═══ DATA SECTION ═══

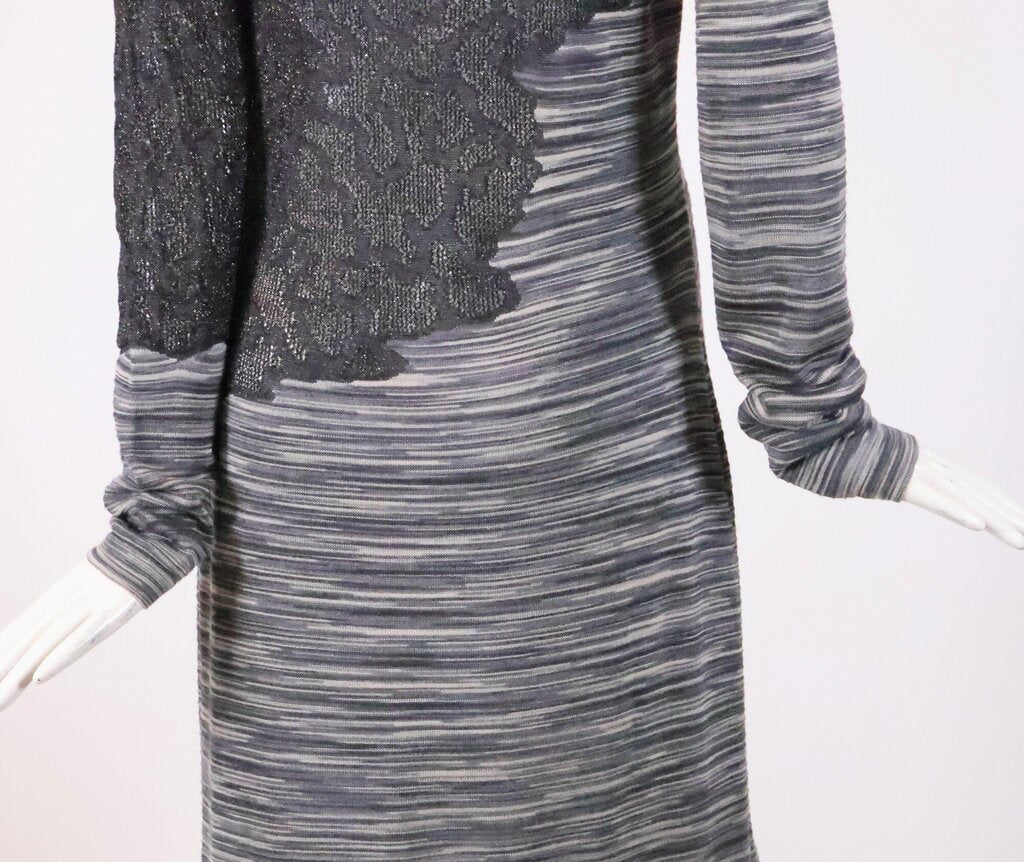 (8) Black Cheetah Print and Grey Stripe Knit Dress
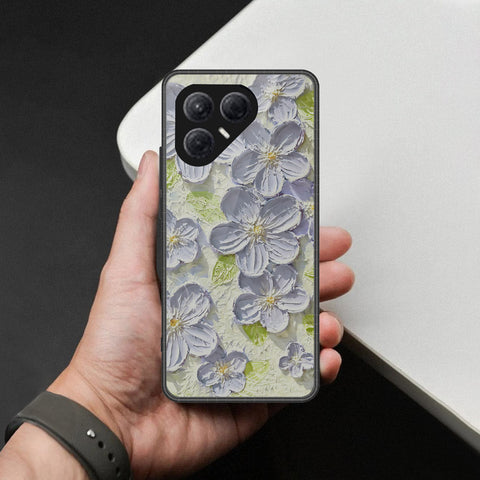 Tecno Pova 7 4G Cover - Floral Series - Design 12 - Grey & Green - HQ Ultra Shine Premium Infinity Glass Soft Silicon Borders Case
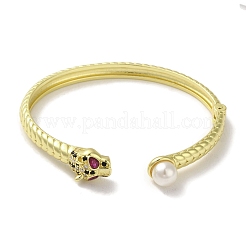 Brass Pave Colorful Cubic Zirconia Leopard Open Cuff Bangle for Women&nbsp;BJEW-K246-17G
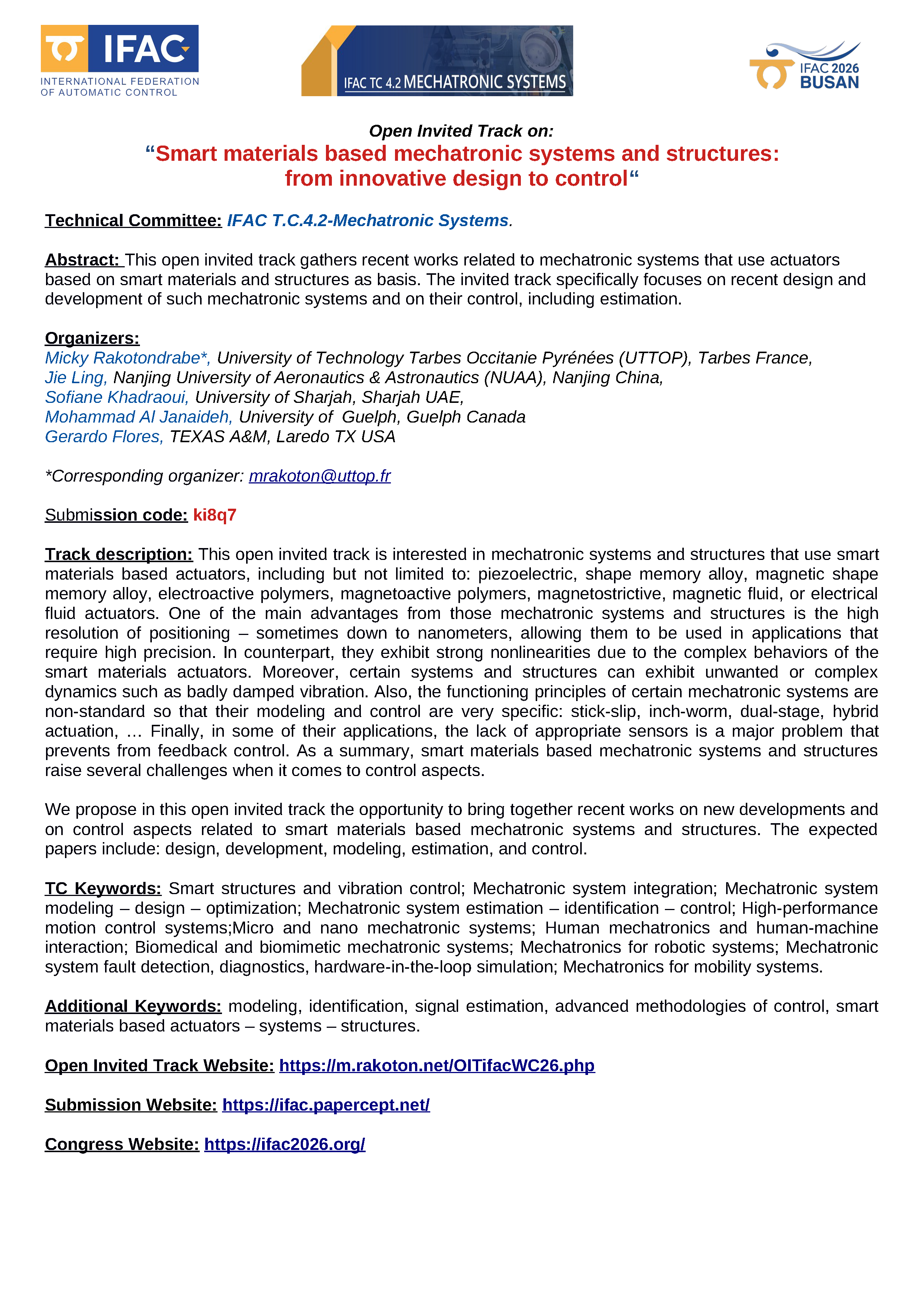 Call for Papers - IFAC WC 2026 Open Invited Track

═══

■ HOW TO COMPLETE THIS TASK: Everything in the material above should be reproduced exactly, except the pictures.

■ RESULT BELOW:
 (8) Black Cheetah Print and Grey Stripe Knit Dress
 Tecno Pova 7 4G Cover - Floral Series - Design 12 - Grey & Green - HQ Ultra Shine Premium Infinity Glass Soft Silicon Borders Case
 Brass Pave Colorful Cubic Zirconia Leopard Open Cuff Bangle for Women&nbsp;BJEW-K246-17G
 Call for Papers - IFAC WC 2026 Open Invited Track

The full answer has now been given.